Emsal Mahkeme Kararı İstanbul Bölge Adliye Mahkemesi 12. Hukuk Dairesi 2020/1359 E. 2021/1349 K. 23.09.2021 T.

Görüntülediğiniz mahkeme kararı henüz kesinleşmemiştir. Yararlı olması amacıyla eklenmiştir.

T.C.
İSTANBUL
BÖLGE ADLİYE MAHKEMESİ
12. HUKUK DAİRESİ
DOSYA NO: 2020/1359
KARAR NO: 2021/1349
T Ü R K M İ L L E T İ A D I N A
İ S T İ N A F K A R A R I
İNCELENEN KARARIN
MAHKEMESİ: İSTANBUL ANADOLU 7. ASLİYE TİCARET MAHKEMESİ
TARİHİ: 02/07/2020
NUMARASI: 2019/385 Esas-2020//256 Karar
DAVA: Tanıma Ve Tenfiz
İSTİNAF KARAR TARİHİ: 23/09/2021
Davanın kabulüne dair kararın davalılar vekili tarafından istinaf edilmesi üzerine düzenlenen rapor ve dosya kapsamı incelenip gereği görüşülüp düşünüldü;
DAVA: Davacı vekili; müvekkilinin 2015 yılında yaptığı çeşitli taşımalara ilişkin ücretlerini davalılardan tahsil edemediğini, bu nedenle tenfizini talep ettiği Rotterdam Mahkemesine başvurduğunu, Rotterdam Mahkemesi tarafından yapılan yargılama sonucunda 14.04.2017 tarihli ve 5848212/CV.EXPL 17-11256 esas sayılı kararın tesis edildiğini, işbu kararla bir miktar alacağın davalılardan tahsiline karar verildiğini, kararın davalılara Lahey Sözleşmesi uyarınca tebliğ edildiğini, kararın itiraz edilmeyerek kesinleştiğini, Hollanda ile Türkiye arasında yabancı ilamların tenfizi konusunda karşılıklılık bulunduğunu, ilgili mahkeme kararın Türk mahkemelerinin münhasır yetkisine girmeyen bir konuda verildiğini, hükmün kamu düzenine aykırı olmadığını, yapılan yargılamada davalılara usulüne uygun tebligat yapılarak savunma imkanı sağlandığını belirterek, ilgili mahkeme kararının tenfizine karar verilmesini talep etmiştir.

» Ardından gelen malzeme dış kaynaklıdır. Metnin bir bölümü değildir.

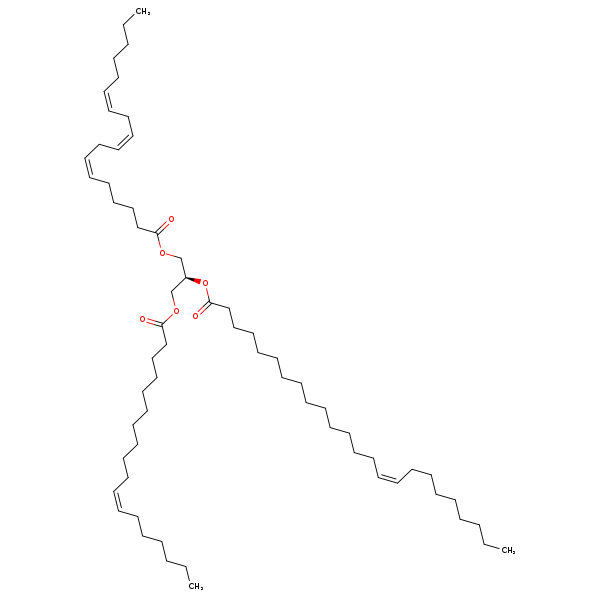 Image of MNXM136359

CEVAP: Davalılar vekili; hükmün tenfizi talebinin MÖHUK’un 54/1-d maddesine aykırı olduğunu, tenfizi istenen yabancı mahkeme kararında müvekkillerinin savunma hakkının kısıtlandığını, Rotterdam Mahkemesinde açılmış olan davaya ilişkin dava dilekçesinin 1 no.lu müvekkiline 04.02.2017 tarihinde (duruşma tarihinden 52 gün önce), 2 no.lu müvekkiline ise 31.01.2017 tarihinde (duruşma tarihinden 56 gün önce) tebliğ edildiğini, bu sürelerin savunma için yeterli olmadığını, 14/04/2017 tarihli gıyap kararının müvekkillerine tebliğ edilmediğini, tebliğ edilen dava dilekçesinde davalı müvekkillerinin Hollanda hukukuna göre hangi usul ve esaslara göre cevap verecekleri ya da duruşmaya katılacaklarının bildirilmediğini, bu nedenle savunma hakkının sağlanmadığını, Rotterdam Mahkemesince verilen kararda karara karşı başvurulacak üst yargı yolu ve süresi hakkında da açıklama bulunmadığını, bu nedenle kararın kesinleştiğinden söz edilemeyeceğini,dosyada kesinleşme şerhi bulunmadığını belirterek, davanın reddine karar verilmesini talep etmiştir.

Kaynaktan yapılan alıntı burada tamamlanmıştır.